Gerada also argued that the NHS’s approach to medical training was putting doctors at increased risk of health problems. She said that change was needed in “the way we train doctors, and the way we then put young doctors into a system with very little support where we expect them to work—not in teams, not in firms, but in shifts.”
“All the doctors in this room will remember bursting into tears when you were very tired. To be sent home and told you have a mental illness doesn’t actually help you very much. What you want is a bit of love. I think we have to do something pretty urgently about looking at why the NHS is making people sick and why we have an increased number of suspensions, mental illness in doctors, and bullying.”
Talking to BMJ Careers after her speech, Gerada argued that the GMC needed to “move on from the catastrophic events of Shipman a decade and a half ago and swing the pendulum back towards a kinder, less adversarial system of regulation.”
She said, “The GMC website says, ‘We are not here to protect the medical profession—our job is to protect patients.’ Of course it’s important to protect patients from rogue doctors. Who can argue against that? But my experience running PHP is that the regulatory system has gone too far and skewed the balance to assuming that doctors are guilty just by virtue of being referred to them [the GMC].”
Gerada said that many doctors who have been referred to the GMC have mental health problems, have made minor transgressions, or have been referred by disgruntled colleagues. “The number of referrals to the GMC has been increasing year on year, yet most are eventually closed with no sanctions or findings made on the doctor,” she said. “During the process a doctor is made to feel tarnished, and for many their personal and professional lives are impaired as the process grinds forward.”
She added, “The current system has created fear and paradoxically may actually harm patients. Doctors aren’t willing to admit when something is going wrong, because the chances of them being suspended or of having to go through a GMC process would be very high.
“Doctors are assumed guilty until proved otherwise, and the process they go through can take years, leaving doctors traumatised and unable to progress their careers or, even worse, unable to work. For doctors with mental health problems the punitive and unpredictable system drives secrets underground.”
Commenting on Gerada’s comments, Niall Dickson, the GMC’s chief executive, said, “Clare Gerada makes some important points, and we know that this is a sensitive issue. I am pleased she recognises the steps we’ve taken to make the investigation process less stressful for doctors, but we know that there is still more to do. We are looking at how we communicate with doctors, and we are looking at a number of measures to see how we can best support doctors going through our fitness to practise procedures.”
Dickson said that some doctors were referred to the GMC because they had serious mental health problems, including severe depression and various forms of addiction, that could affect the care they provided to patients.

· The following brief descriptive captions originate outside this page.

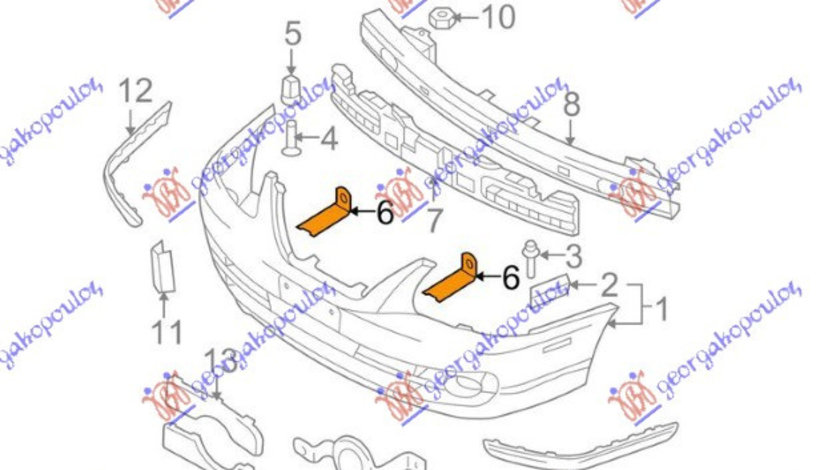 Suport Aborbant Soc Bara Fata - Hyundai Elantra 2004 , 86518-2d500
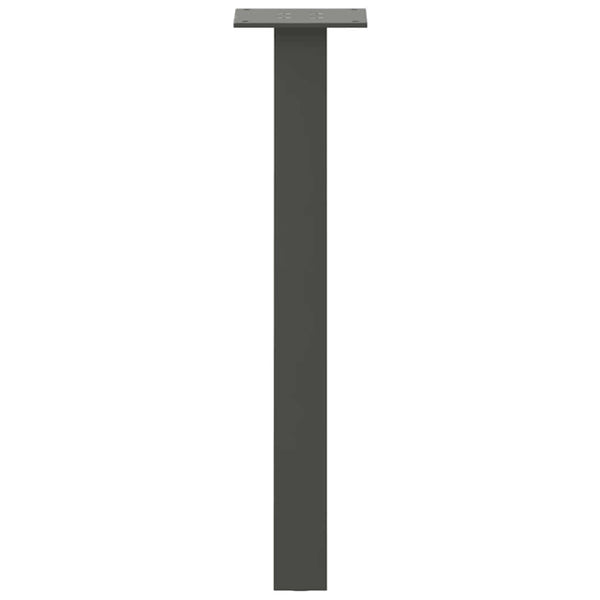 Sohvapöydän jalat 4 kpl antrasiittia 42 cm Teräs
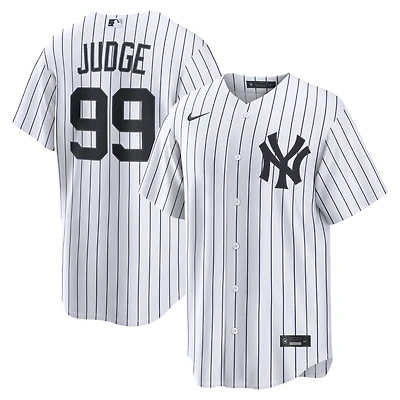 Men's Nike Aaron Judge White New York Yankees Home Replica Jersey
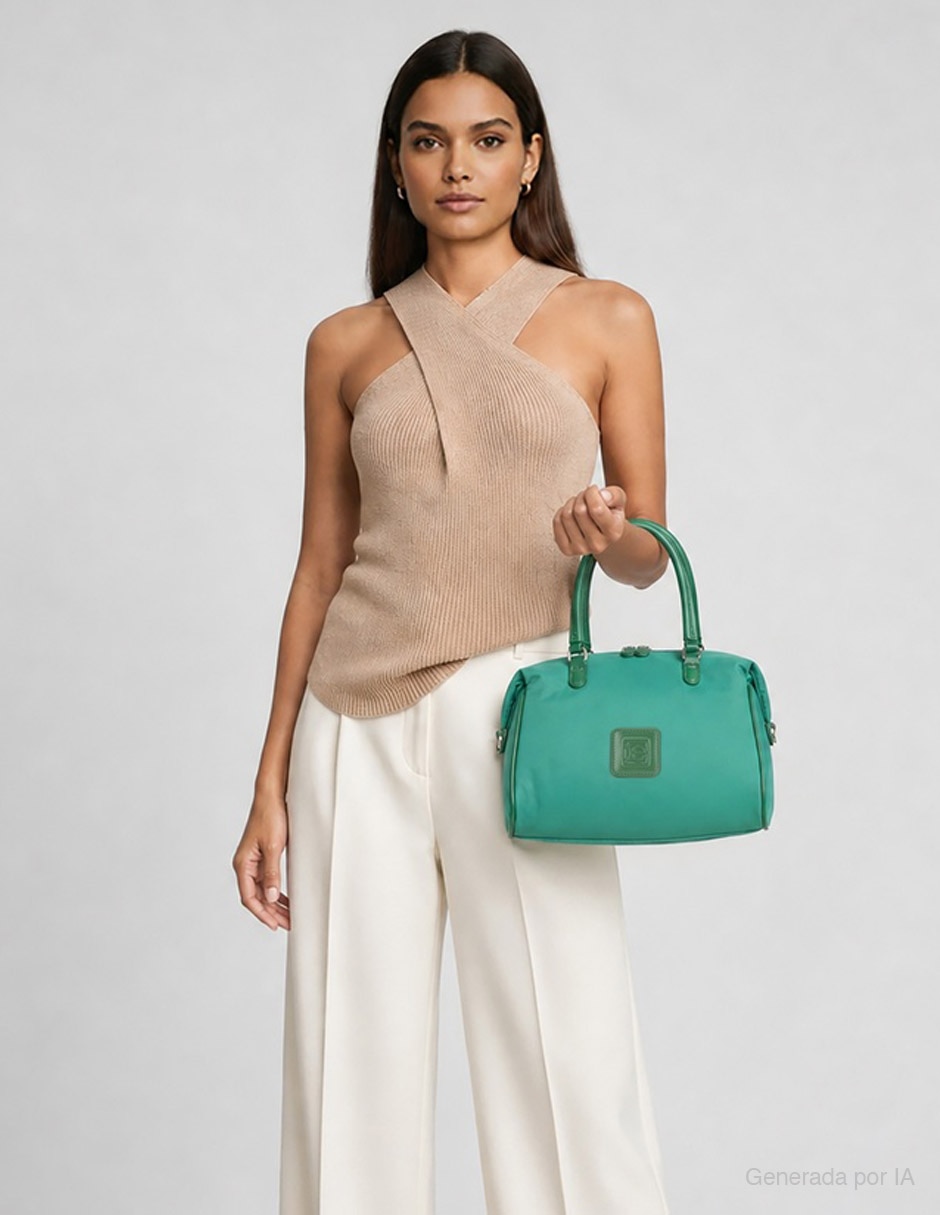 Bolsa bowler Esemylia para mujer 9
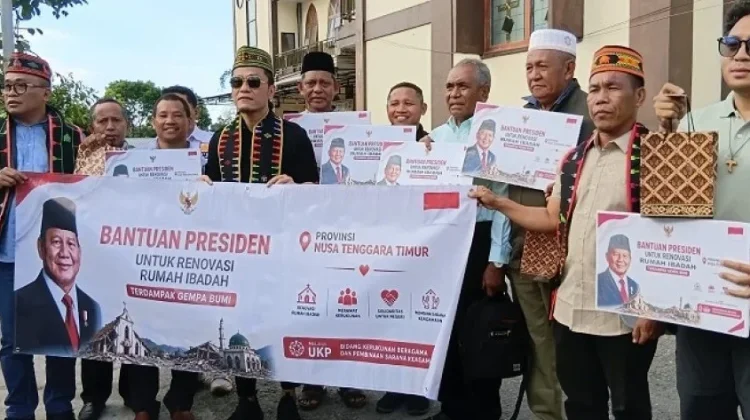 Enam Rumah Ibadah di Manggarai Terima Bantuan Renovasi dari Presiden Prabowo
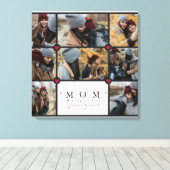 Toile Custom Personalized Love You Maman 8 Photo collage (Insitu (Plancher de Bois))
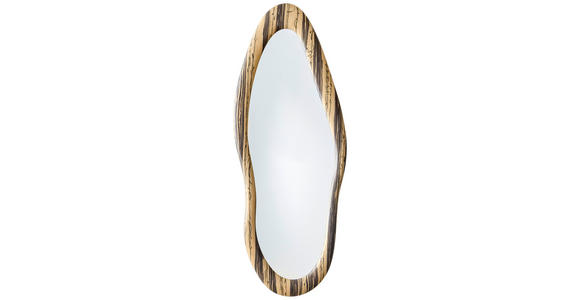 WANDSPIEGEL 150/60/2,7 cm    in oval  - Braun, LIFESTYLE, Glas/Holzwerkstoff (150/60/2,7cm) - Xora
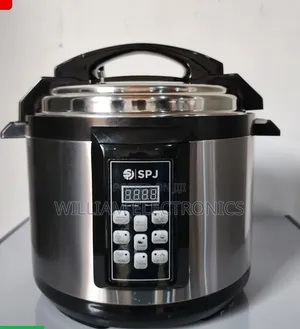 SPJ 5L Electric Pressure Cooker With IMD Touch Panel-Silver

“We recognise that these can be very vulnerable individuals and that being part of a fitness to practise investigation is almost always a stressful experience for everyone and especially for the doctor involved,” he said. “Doctors with mental health problems in our procedures all have a supervising doctor in their place of work. They are also regularly examined by two practising psychiatrists. Our aim is to get them back to safe, effective practice whenever that is possible. We also seek wherever possible to agree any restrictions on practice without the need for a panel hearing.”
He added, “Our priority, though, must always be to protect the public while at the same time being fair to the doctor—sometimes that does mean having to take immediate action when we believe patients may be at risk.”